Insurance Coverage in Missouri for Transmission of STDs?!?
Michael Young
Insurance Coverage and EC Lawyer in MO/IL ? Author of Coverage Review Newsletter ? Host of Tales From Insurance Land Podcast
Ok, by now you have probably seen the news stories that a Missouri appellate court upheld a decision requiring GEICO to pay the $5.2 million that an arbitrator awarded to a woman who claimed that her partner gave her a sexually transmitted disease in his vehicle. The news stories, however, are not entirely accurate. And as sensational as the facts are in this case, the real story is how Missouri courts continue to interpret the 2017 version of § RSMo 537.065. Let me explain.
In M.O. v. GEICO General Ins. Co., the plaintiff M.O. alleged that M.B. negligently infected her with anogenital human papillomavirus (“HPV”) during sexual encounters in his automobile. The plaintiff later made a settlement demand for $1 million in policy limits against GEICO, which had issued an automobile policy to M.B. The demand enclosed a copy of a proposed petition that alleged that the insured engaged in unprotected sexual activities in his vehicle, and during those sexual encounters, “negligently caused or contributed to cause [M.O.] to be infected with HPV by not taking proper precautions and neglecting to inform and/or disclose his diagnosis,” despite “having knowledge of his condition.” GEICO denied coverage and rejected the plaintiff’s policy limits settlement demand. The insurer also filed a declaratory judgement action in federal court.
Because this is Missouri, the plaintiff and the insured entered into an agreement under section 537.065 to limit recovery (presumably to the insured’s insurance assets) and to arbitrate the claim. The arbitrator found that the insured negligently caused plaintiff to be infected with HPV and awarded plaintiff $5.2 million in her claim against the insured.
After entry of the arbitration award, the plaintiff notified GEICO of the 537.065 agreement. The next day, the plaintiff filed suit against the insured in Jackson County, Missouri, to confirm the arbitration award in a judgment. GEICO learned of the lawsuit through case.net and moved to intervene in the suit with 30 days of receiving notice of the 537.065 agreement. The trial court entered judgment confirming the arbitration award in favor of plaintiff and against the insured in the amount of $5.2 million. On the same day, the trial court granted GECIO’s motion to intervene. The trial court, however, later denied GEICO’s motions to set aside the judgment or to contest liability and damages.
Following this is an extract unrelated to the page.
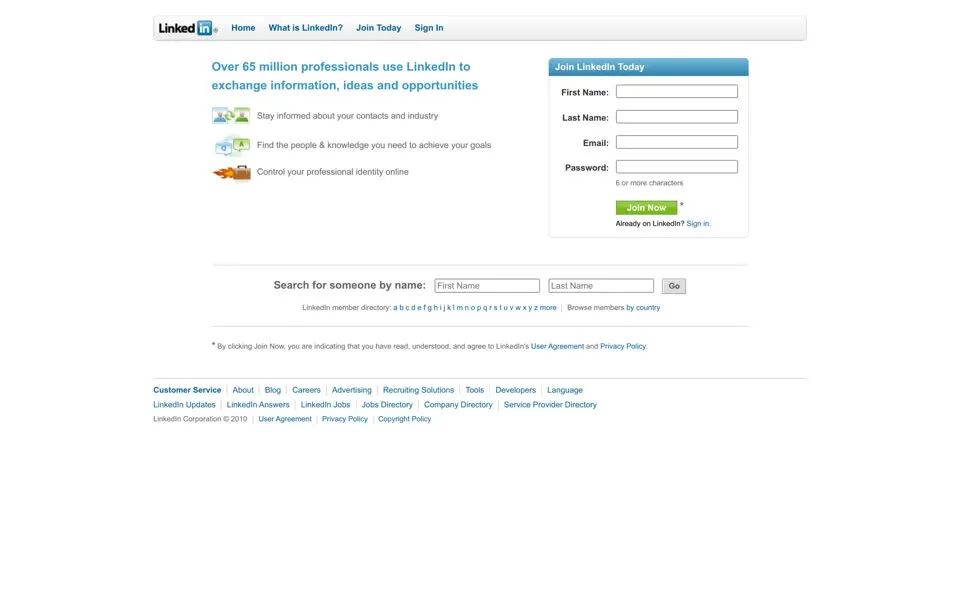 linkedin.com homepage in 2010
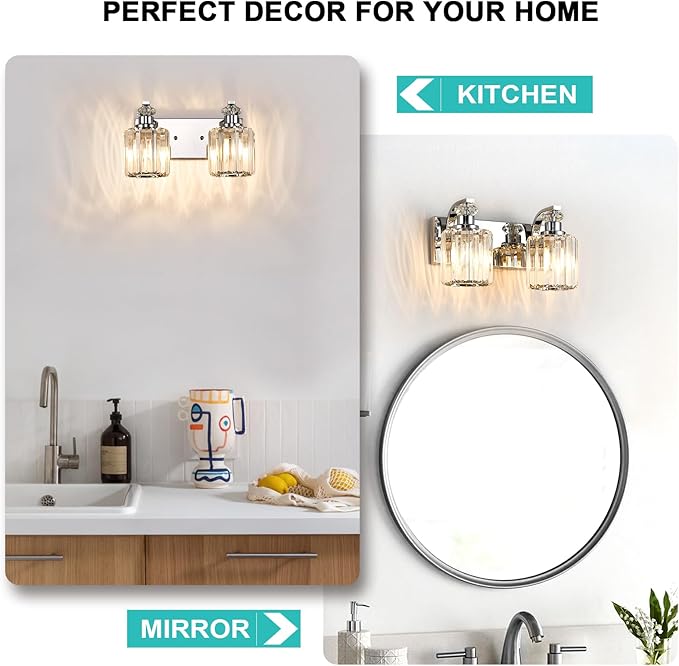 Chrome Bathroom Light Fixtures with K9 Crystal Lampshade Bathroom Lighting Over Mirror Vanity Lights for Living Room,Bedroom,Restroom,Hallway 2 Lights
The Missouri Court of Appeals, Western District, affirmed the trial court’s judgment. The insurer tried to argue that once a carrier receives notice of a 537.065 agreement, the statute allows the insurer 30 days to intervene in any pending lawsuit and to meaningfully participate in the case, including to challenge liability and damages. The Western District, however, noted that a similar argument had been rejected by the appellate court in Knight ex rel. Knight v. Knight, 609 S.W.3d 813 (Mo. App. W.D. 2020). Under the Knight holding, it is “well established that an intervenor must accept the action pending as he finds it at the time of intervention.” Id. at 824. The statute, according to Knight, “simply give[s] an insurer the right to written notice and an opportunity to intervene” and provides no “other rights beyond what any intervenor would have.” Accordingly, the appellate court in M.O. concluded: “At the time of GEICO’s intervention, liability and damages had been determined by an arbitrator and confirmed by the trial court. GEICO had no right to relitigate those issues.”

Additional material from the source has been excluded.